▸ **Records for this exercise**:

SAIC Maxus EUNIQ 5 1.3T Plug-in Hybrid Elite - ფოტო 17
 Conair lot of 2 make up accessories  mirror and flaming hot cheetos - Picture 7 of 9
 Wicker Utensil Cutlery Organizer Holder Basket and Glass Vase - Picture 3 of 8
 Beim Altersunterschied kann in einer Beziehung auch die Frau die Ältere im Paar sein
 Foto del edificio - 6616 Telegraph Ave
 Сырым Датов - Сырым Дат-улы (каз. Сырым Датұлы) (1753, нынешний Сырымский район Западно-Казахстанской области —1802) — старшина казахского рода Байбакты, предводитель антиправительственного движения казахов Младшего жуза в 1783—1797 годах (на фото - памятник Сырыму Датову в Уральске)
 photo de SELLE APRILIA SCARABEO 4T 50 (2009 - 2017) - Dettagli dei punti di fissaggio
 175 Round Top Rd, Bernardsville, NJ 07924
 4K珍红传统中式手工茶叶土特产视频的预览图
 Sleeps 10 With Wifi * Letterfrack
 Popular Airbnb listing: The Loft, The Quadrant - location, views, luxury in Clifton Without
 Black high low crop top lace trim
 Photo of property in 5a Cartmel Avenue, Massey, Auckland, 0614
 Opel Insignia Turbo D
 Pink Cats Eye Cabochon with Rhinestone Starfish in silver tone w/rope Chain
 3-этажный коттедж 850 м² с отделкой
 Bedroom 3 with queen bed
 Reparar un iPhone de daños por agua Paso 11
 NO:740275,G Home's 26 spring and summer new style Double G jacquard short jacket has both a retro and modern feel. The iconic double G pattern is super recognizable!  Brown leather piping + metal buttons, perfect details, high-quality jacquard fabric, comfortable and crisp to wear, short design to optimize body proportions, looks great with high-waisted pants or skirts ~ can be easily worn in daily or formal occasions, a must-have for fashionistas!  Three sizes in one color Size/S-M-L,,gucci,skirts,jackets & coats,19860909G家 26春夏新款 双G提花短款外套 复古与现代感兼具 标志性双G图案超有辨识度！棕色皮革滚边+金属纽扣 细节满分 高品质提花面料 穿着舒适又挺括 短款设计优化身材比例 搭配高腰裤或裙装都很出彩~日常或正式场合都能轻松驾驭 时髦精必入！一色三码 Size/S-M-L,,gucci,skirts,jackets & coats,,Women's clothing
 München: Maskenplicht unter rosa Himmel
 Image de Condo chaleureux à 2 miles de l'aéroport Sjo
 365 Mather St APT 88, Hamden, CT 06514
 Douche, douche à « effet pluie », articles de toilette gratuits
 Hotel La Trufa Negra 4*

▸ **To do**: Your task for the entries above: copy exactly the span starting with the line with "Black high low crop top lace trim" and going on through the line with "Image de Condo", both lines included, and nothing else.

▸ **Answer box**:
 Black high low crop top lace trim
 Photo of property in 5a Cartmel Avenue, Massey, Auckland, 0614
 Opel Insignia Turbo D
 Pink Cats Eye Cabochon with Rhinestone Starfish in silver tone w/rope Chain
 3-этажный коттедж 850 м² с отделкой
 Bedroom 3 with queen bed
 Reparar un iPhone de daños por agua Paso 11
 NO:740275,G Home's 26 spring and summer new style Double G jacquard short jacket has both a retro and modern feel. The iconic double G pattern is super recognizable!  Brown leather piping + metal buttons, perfect details, high-quality jacquard fabric, comfortable and crisp to wear, short design to optimize body proportions, looks great with high-waisted pants or skirts ~ can be easily worn in daily or formal occasions, a must-have for fashionistas!  Three sizes in one color Size/S-M-L,,gucci,skirts,jackets & coats,19860909G家 26春夏新款 双G提花短款外套 复古与现代感兼具 标志性双G图案超有辨识度！棕色皮革滚边+金属纽扣 细节满分 高品质提花面料 穿着舒适又挺括 短款设计优化身材比例 搭配高腰裤或裙装都很出彩~日常或正式场合都能轻松驾驭 时髦精必入！一色三码 Size/S-M-L,,gucci,skirts,jackets & coats,,Women's clothing
 München: Maskenplicht unter rosa Himmel
 Image de Condo chaleureux à 2 miles de l'aéroport Sjo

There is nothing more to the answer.